- Work item
In the entries that follow, the first line to write out is the one containing "Slide: The Image", and the last is the one containing "a pile of multicolored". Reproduce that stretch exactly, with nothing before or after it.

- Entries shown
......

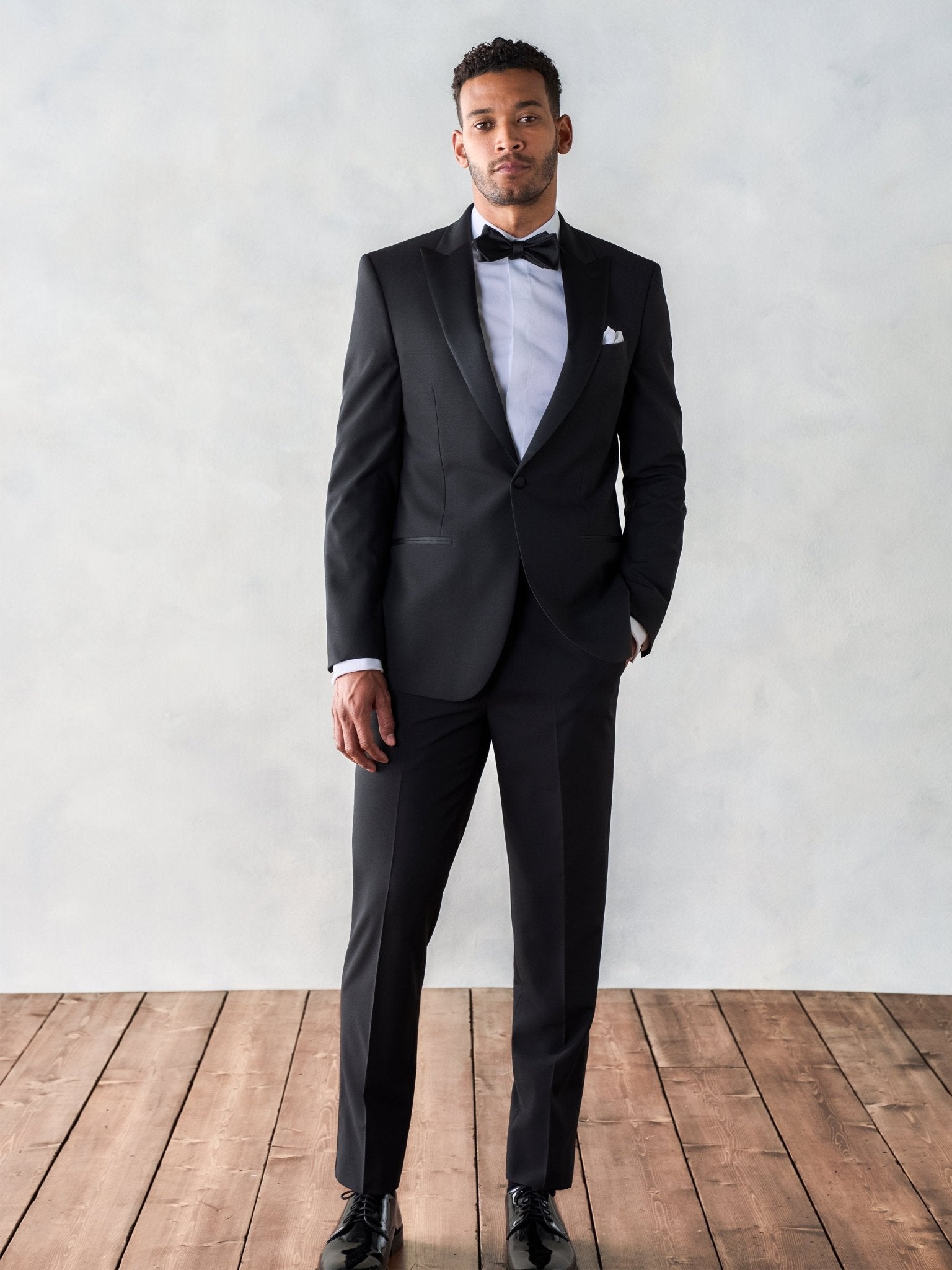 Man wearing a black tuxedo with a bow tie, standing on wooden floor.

......

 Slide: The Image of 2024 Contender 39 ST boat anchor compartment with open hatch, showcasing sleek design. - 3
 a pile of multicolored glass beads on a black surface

......

- Output of the exercise
 Slide: The Image of 2024 Contender 39 ST boat anchor compartment with open hatch, showcasing sleek design. - 3
 a pile of multicolored glass beads on a black surface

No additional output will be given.